Although influence-peddling and lobbying is no stranger to modern-day political syndicates, it is interesting how this sometimes shadowy and sometimes blatant phenomenon has not had a direct line of succession and has historically enjoyed many different levels of tolerance.

Existing within quite another framework than contemporary industry pressures, perhaps the most comprehension template was an entity known as the Dutch East India Company (Vereenige Oost-Indische Compagnie). The mission was established at the beginning of the seventeenth century, in the midst of the Golden Age of Exploration and the colonial movement, with the charge to manage trade between the Netherlands and the Far East.

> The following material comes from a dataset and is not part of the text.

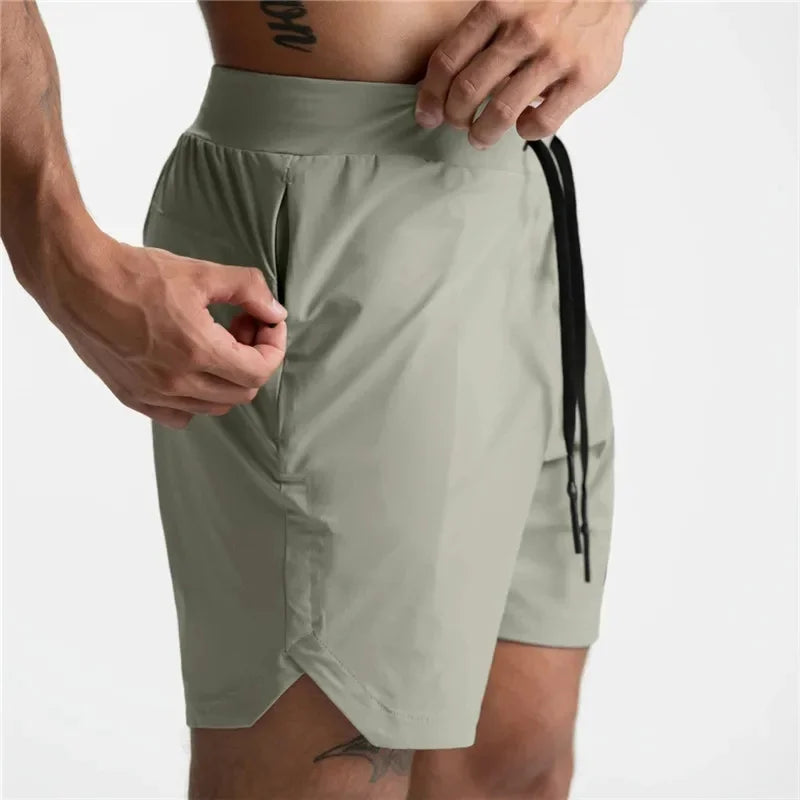 Men's Performance Shorts Quick Dry Zipper Pocket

The company, granted the powers of a sovereign nation, acted as an ombudsman, held a monopoly on commerce, though facing the competition of other equally constituted mercenaries, for nearly two centuries, through negotiating treaties, minting money, raising and razing cities and establish justice systems.
While the company’s most famous exploits concerned the spice-trade, they were also responsible for introducing tulips from Turkey to Europe, which lead to the creation of the world’s first stock-market and first economic bubble and subsequent crash. Many battles ensued among these competing companies, whom all European powers were eager to proxy, and the exploits of colonialism propagated much suffering for the colonialized. Business further diversified to coffee, textiles and china, and late in its career, the Dutch East India Company took on the role of creating and regulating a network among Asian countries, which did not exist beforehand. Businesses are not given such de facto powers any longer, but I wonder if the environment is not so different, and whether sanctioned or permitted, encouraged, if industry has the largess to proceed unchallenged. Do you think it’s better to suffer liberal but defined powers or face a technocracy that respects none?